2 Nov 2022 4:00 AM GMT
The Madhya Pradesh High Court, Indore Bench recently held that it cannot issue a writ of habeas corpus against an individual residing outside the territory of India. The bench comprising Justices Vivek Rusia and A.N. Kesharwani noted that the petition was liable to be dismissed since the Petitioner was praying for something that was outside the scope of its power under Article 226 of...
The Madhya Pradesh High Court, Indore Bench recently held that it cannot issue a writ of habeas corpus against an individual residing outside the territory of India.
The bench comprising Justices Vivek Rusia and A.N. Kesharwani noted that the petition was liable to be dismissed since the Petitioner was praying for something that was outside the scope of its power under Article 226 of the Constitution of India-
It is clear from the aforesaid, the High Court shall have the power throughout the territories in relation to which it exercises jurisdiction to issue to any person or authority including any government within whose territories directions, order or writs for the enforcement of any of the rights conferred by Part III and for any other purpose.
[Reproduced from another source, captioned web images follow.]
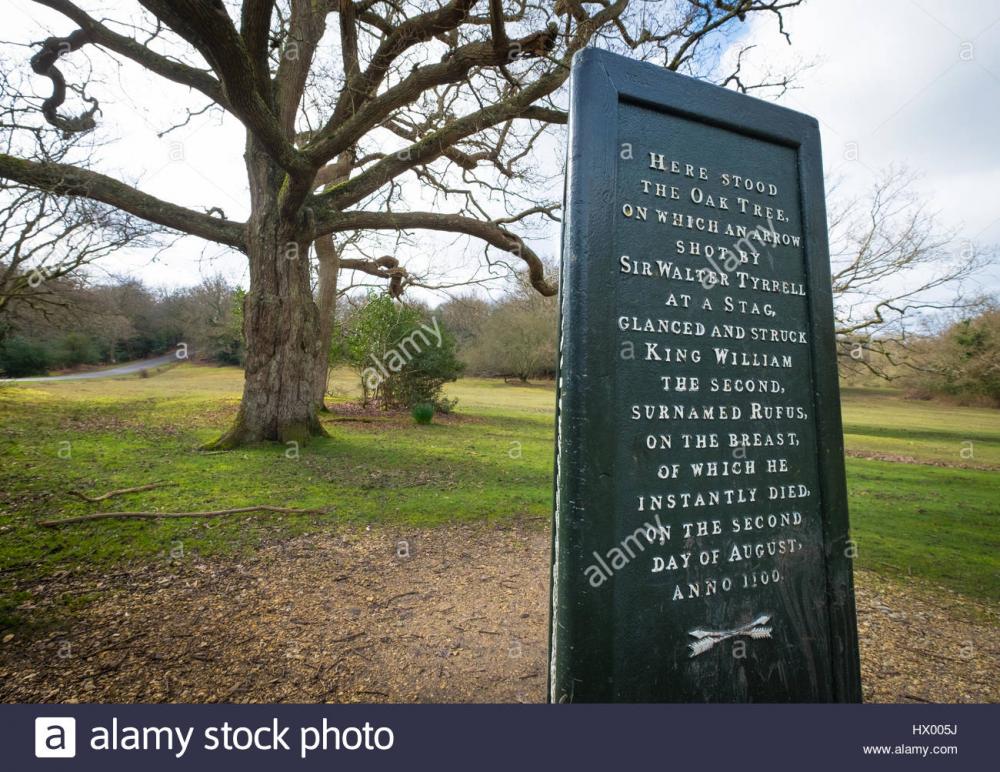 rufus-stone-memorial-in-the-new-forest-on-the-site-where-king-william-HX005J.jpg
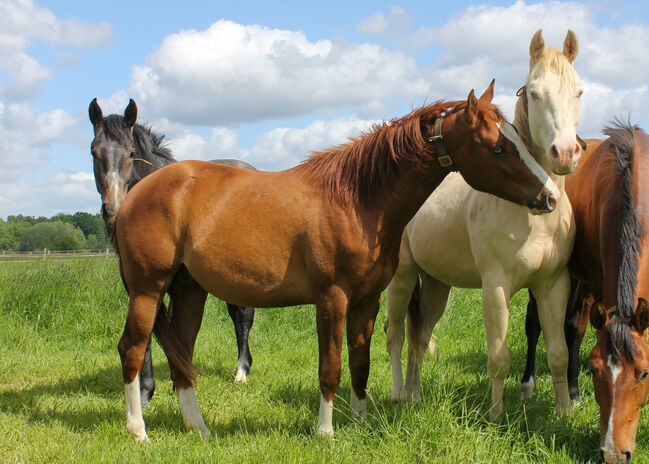 Top Nachwuchs von ARC Gunnabeabigstar, Kerstin Rehbehn (Pferdemarketing Ost), Horses For Sale, Nienburg, Image 9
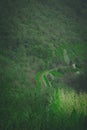 Mountain Vista: Winding Train Tracks Cutting Through Lush Green Forest Below. Royalty Free Stock Photo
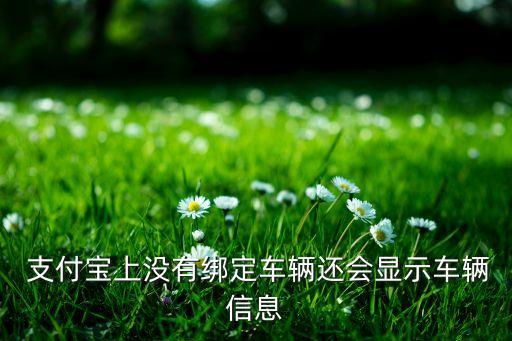  支付寶上沒(méi)有綁定車(chē)輛還會(huì)顯示車(chē)輛信息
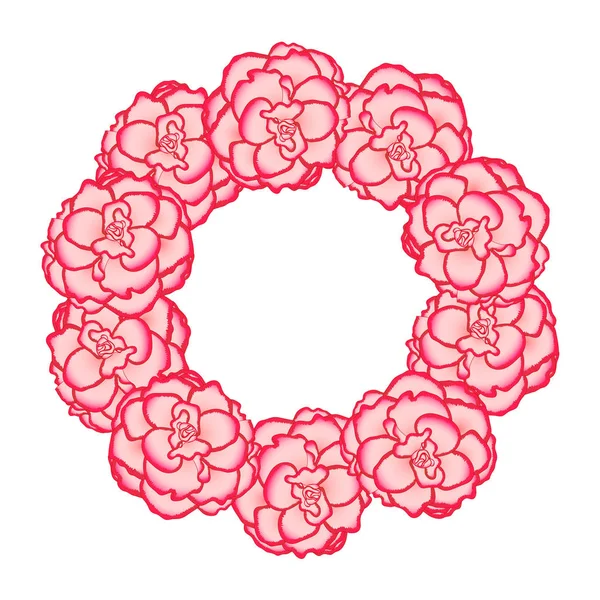 Kwiat Różowy Begonia Picotee Pierwszy Wieniec Miłości Ilustracja Wektorowa — Wektor stockowy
Therefore, the high Court can issue a writ under Article 226 of the Constitution of India to any person within its territory, thus, this writ petition is not maintainable and liable to be dismissed on this ground alone.
Facts of the case were that the Petitioner was earlier residing in the Netherlands with her husband and daughter. Due to matrimonial discord, she could no longer live with her husband. She filed a complaint against him before the authorities in Netherlands pursuant to which the husband was directed to stay away from the Petitioner and the child.
Having no source of income, the Petitioner thought of moving back to India with the daughter. However, owing to the laws in Netherlands, she couldn't take the daughter with her without seeking the permission of her husband. Left with no other option, she came back to India leaving her daughter behind. In order to get the custody of her child, the Petitioner moved the Court by filing a writ in the nature of habeas corpus.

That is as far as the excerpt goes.